Chinese ‘Navy’gation

Why China Is Pushing The Envelope In The Indian Ocean Region

Surya Gangadharan New Delhi, India 22 October 2018

Have China’s President Xi Jinping and his advisers shown poor judgement and strategic vision by aggressively deploying their navy first in the South China Sea and increasingly so in the Indian Ocean?

Vice-Admiral Anil Chopra, a retired Indian naval officer who commanded the eastern and western fleets, believes so, arguing that “President Xi Jinping may have ruined his navy by deploying it before it is ready”.

Other naval officers say China has shown both technological innovation and enterprise in the way it has gone about expanding its navy.”But naval strength is not just about the number of hulls you have although these are important,” said another naval officer, pointing out that “China’s naval power is still nascent and it has no combat experience at all.”

Add to that the logistical nightmare of having to transit three choke points (Malacca, Sunda and Lombok straits) as it moves to foreign seas from China’s eastern ports.

But China watchers and maritime experts believe the People’s Liberation Army Navy strategy is to substantially raise the risk and the cost of confrontation for other navies. A case in point is the Indian Navy’s “mission based deployment/patrolling” launched last year to counter the Chinese navy in strategically important waters and sea lanes.

At least 15 warships of various kinds are required with one permanently stationed at the mouth of the Malacca Straits and another in the Andaman Sea. Add to that regular surveillance by P8I maritime patrol aircraft hunting for Chinese submarines. All this means greater cost in terms of maintenance and repair of ships and aircraft and, of course, fuel.

China’s strategy has another side to it. Scholar Srikant Kondapalli says “Beijing has constantly pushed the envelope, inching forward to see what reaction it provokes. If one looks at the South China Sea where it has dredged up artificial islands and militarised them with no reaction from any country, it suggests their strategy is working”.

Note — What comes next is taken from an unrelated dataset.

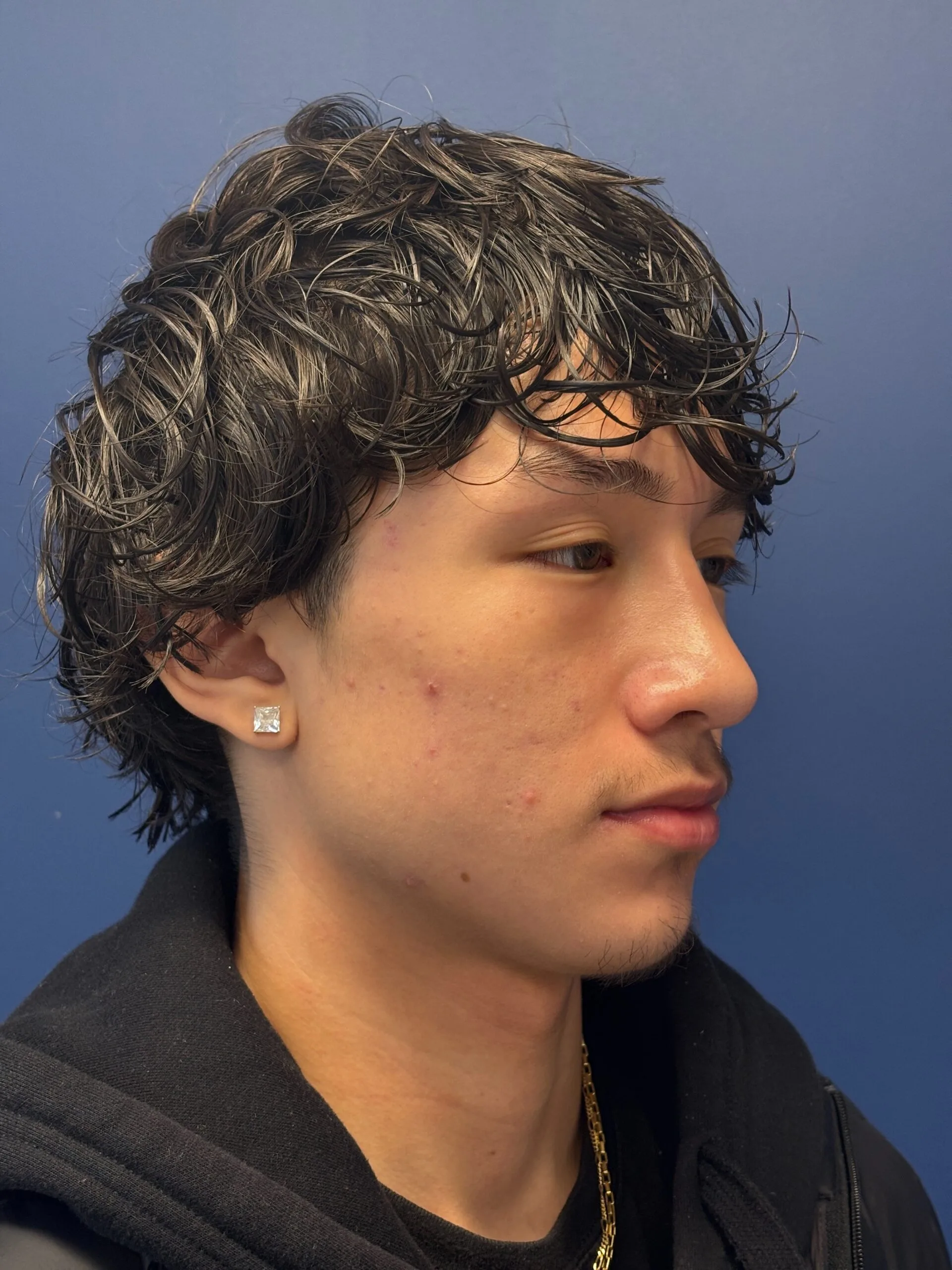 Rhinoplasty-Case--2339 | After Rhinoplasty 4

Tomorrow if there is any confrontation in the South China Sea, the U.S. Navy can be expected to think twice before it sends its naval units in. Earlier this month, in the seas off the China-claimed Spratly islands, a U.S. navy ship carried out “evasive manoeuvres” after a Chinese naval vessel came within 45 metres. The U.S. Navy described the Chinese action as “unsafe and unprofessional” but it showed the Chinese were ready to take chances and “push the envelope” while U.S. wasn’t. China’s strategy in the Indian Ocean is unfolding in a similar manner.

“China has no friends,” notes Admiral Chopra but in the next few years it will have a force of at least 6000 marines deployed in the Gwadar naval base in Pakistan. Although Pakistan’s value in any confrontation is doubtful, Gwadar strengthens Beijing’s ambitions in the Indian Ocean. Together with the existing base in Djibouti and possibly another in Yemen (once the civil war ends), China is developing long legs in the Indian Ocean Region.

Add to that China-financed port construction in Lamu in Kenya and Bagamoyo in Tanzania. Both projects are far from commercial shipping lanes and are therefore seen to lack viability but that hasn’t stopped the Chinese.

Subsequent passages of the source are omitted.